Murphy’s memo apparently eased the concerns of many stakeholders and the councilmembers. Still, an equal number of speakers at the City Council meeting urged the councilmembers to postpone the vote.
Vicki Granowitz, chair of the North Park Planning Committee, said stakeholders agreed to higher density on transit corridors along Park Boulevard, El Cajon Boulevard, 30th Street and University Avenue “for the greater good.”
“Change is already occurring in the area, regardless,” she said, noting that the CPU protected the “community’s character.”
Mark Gould, who described himself as a developer of affordable housing, said “the plan does incentivize affordable housing.” But he was concerned that it required heightened scrutiny, such as a Process 4 review, which takes longer and adds to the cost of building a new project.
Another developer, Andrew Mallick, said the city should make it easier — not more difficult — to redevelop in the area. He urged planners to consider a Process 3 review, which takes less time and costs less for developers.

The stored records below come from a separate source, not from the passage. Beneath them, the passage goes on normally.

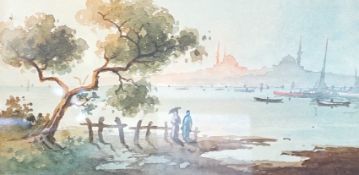 Alice Mary Hobson (1860-1954), three watercolours, 'San Stephano by moonlight from Pasha side'
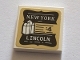 Part No: 3068pb1172  Name: Tile 2 x 2 with White 'NEW YORK LINCOLN' on Black Background Pattern (Sticker) - Set 75827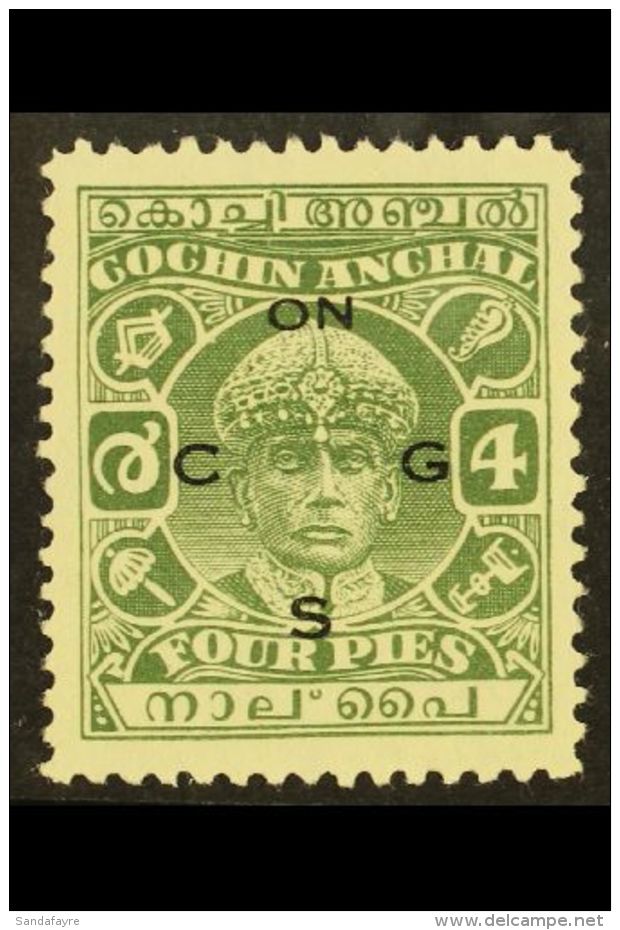 COCHIN - OFFICIALS 1942 4p Green, Perf 11, Rama Varma III, SG O54, Very Fine And Fresh Mint. For More Images,... - Other & Unclassified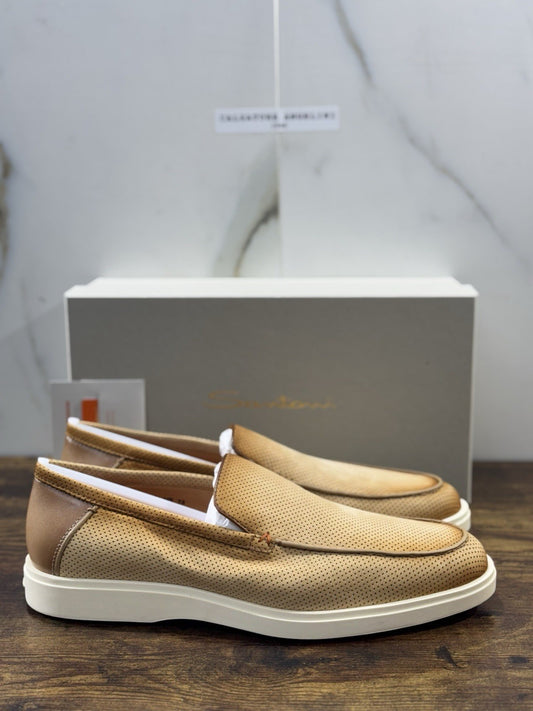 Santoni Mocassino Summer Walk Pelle  Light Brown Luxury Santoni Scarpe Uomo 46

Danny Fitzgerald, a developer, said the lack of growth is causing social inequality issues in the city because it is driving up rental prices.
At the Committee on Smart Growth and Land Use hearing last month, Councilmember Gloria pushed for city planners to provide analysis for how the updated plans would help the city reduce its green house gas emissions and advocated for projects that promoted biking, walking and transit use.
Gloria also requested staff to work with stakeholders to address community concerns regarding preserving historic resources. Planning staff made the commitment over the next three years to study seven historic districts that were prioritized by the North Park and Golden Hill planning committees. Staff also agreed to engage the public to develop additional citywide policies to help protect historic resources.
“It was vital that these plans provide protection for historic neighborhoods and help the city meet our Climate Action Plan goals, as they are the roadmap for development in these communities for the next several decades,” Gloria said. “Having a good community plan is one part of the equation, but ultimately the market must build the plans out and make them a reality. It will be up to future councils and mayors to monitor the success of these plans and make plan amendments to make sure we are promoting responsible growth in the city and doing enough to conserve San Diego’s environment for future generations.”
The CPUs for North Park and Golden Hill will require a second reading and a 30-day statutory period before taking effect, likely by year’s end.